It was the same dream that had tormented Gus since he was seven. He was lost in the woods, whacking through thick undergrowth with only a sliver of moon to light his way. Shawn had been next to him just a second ago. Now he was gone. Gus wanted to call out for him. Or for help. Or for his mother. But he didn’t dare make a sound.
Something was hunting him. Gus didn’t know what. He couldn’t see it. But he could hear it. Crashing through brush and snapping branches as it plunged towards him. Closer and closer, until Gus could hear its ragged breathing. Feel the hot breath on the back of his neck.
Then Gus did scream. Scream and run, run blindly, barely feeling the low branches flay the flesh from his body, tripping, stumbling, until he saw the chasm opening up beneath him.
This was the worst part of the dream. Gus could see the plunge just ahead of him, the cliff falling off hundreds of feet down to a roaring river far below. There was plenty of time to stop or turn away. But no matter how hard he willed his feet to change direction, they kept pounding inexorably towards the cliff’s edge. He pummeled his thighs, tried to throw himself to the ground, to grab hold of a tree-anything to slow himself down. Nothing worked. His feet kept propelling him forwards. Even as he felt his left foot-it was always the left that went first-take that fatal, final step with only open air beneath it, he could not stop. His right foot followed its mate off the edge, and for one moment Gus was suspended in air.

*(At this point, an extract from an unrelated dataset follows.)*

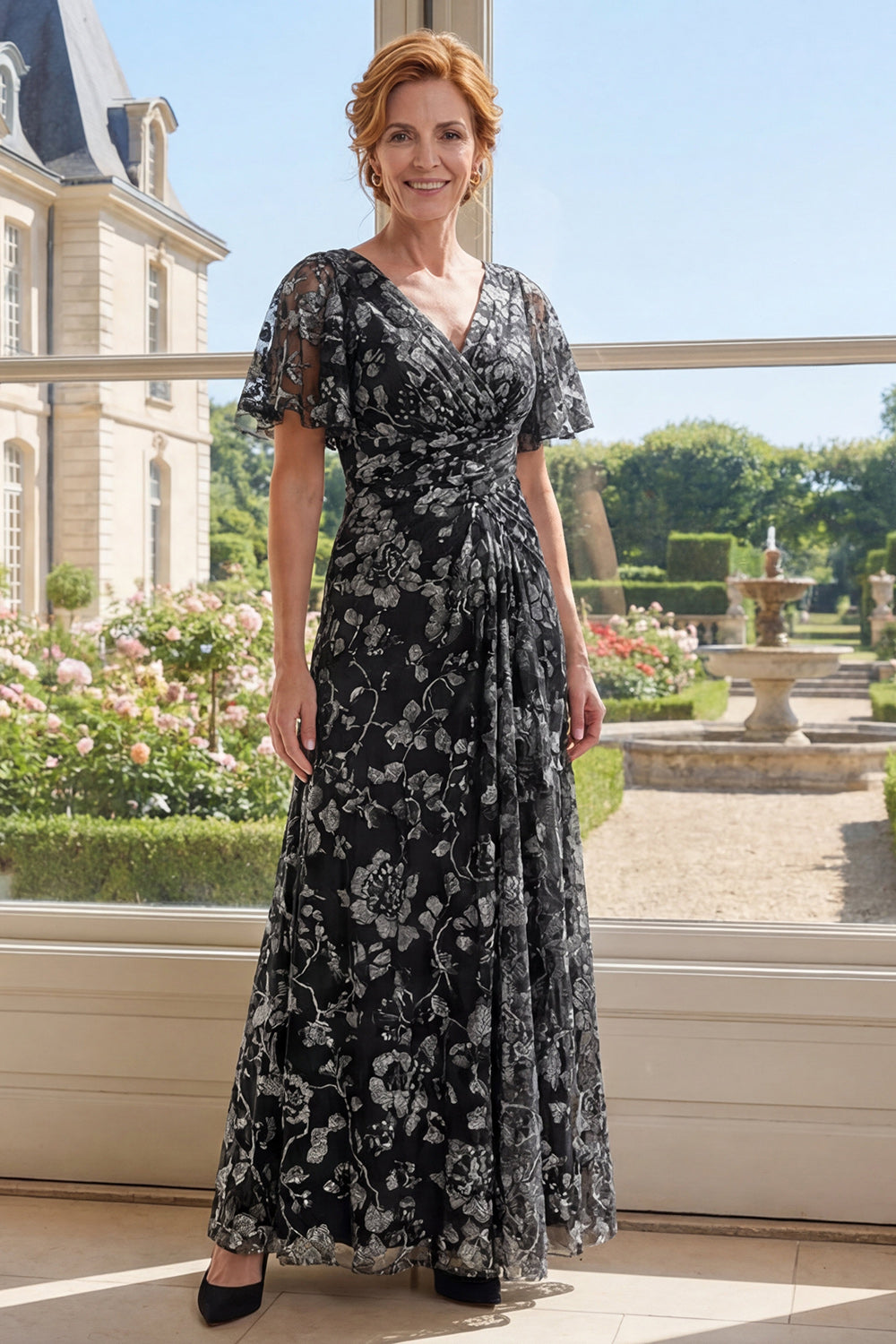 Black Appliqued A Line Ruched Mother of the Bride Dress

That’s when he woke up every time.
Every time until now.
Because try as he might to persuade himself that he was only dreaming, Gus knew this time it was different.
This was real.
The branches tearing at his arms, the jagged rocks digging into his feet, the pain in his lungs as he gasped for breath-they were all real. At least it wasn’t night, as it was in the dream, but the thick trees were so dense they nearly blocked out the sun completely. Gus really was in the wilderness, and there was some Thing after him. He could hear its hot, rough breath coming through the forest towards him.
And where was Shawn? He was the one who had talked Gus into taking this descent into hell. He was the one who had said that a little fresh air would be good for them. And yet he was also the one who couldn’t make it through the opening scene of Cliffhanger without suddenly realizing he’d forgotten to ask for extra fake butter on his popcorn and running out of the auditorium, not returning until any pretense of a realistic depiction of death in high places had been replaced by that pressing issue of how to find a hundred million in stolen government cash at the top of a mountain.
Shawn had been right by Gus’ side when they first entered this savage place. What happened to him? How had he disappeared? Had the Thing that was chasing Gus gotten him first? When it finally caught up with him, would Gus see shreds of his best friend’s mangled flesh snagged on its gleaming fangs? Or had Shawn simply taken a wrong step and plunged the way Gus did in his dreams? Gus had a vision of Shawn’s broken body sprawled out over a bed of jagged rocks, and for a brief moment envied him the quickness of his death.
This was it, then. The end. The fate that he’d been dreaming about for so many years. It was finally coming true, just as the Oracle or the Norns or the Magic 8 Ball had been trying to tell him since he was a little kid. If he had paid attention to those dreams, if he had followed the warnings, would he be facing his doom today? No doubt he would, Gus knew. He’d read enough Greek tragedies and seen enough Twilight Zone episodes to know that trying to avoid your fate only brought you to it faster.
Gus couldn’t run anymore. His breath was coming in shallow gasps, his feet had been numb for so long he might as well have been running through Marshmallow Fluff, and all his muscles were cramping so hard no one would ever be able to straighten out his corpse. And still the Thing was coming through the woods towards him.
He took a deep breath and stepped away from behind the tree that had been holding him up. The creature’s puffing breath had changed to a bellow. The Thing was close. The sound reached a crescendo, and Gus caught his first glimpse of the Beast as it blasted through the brush.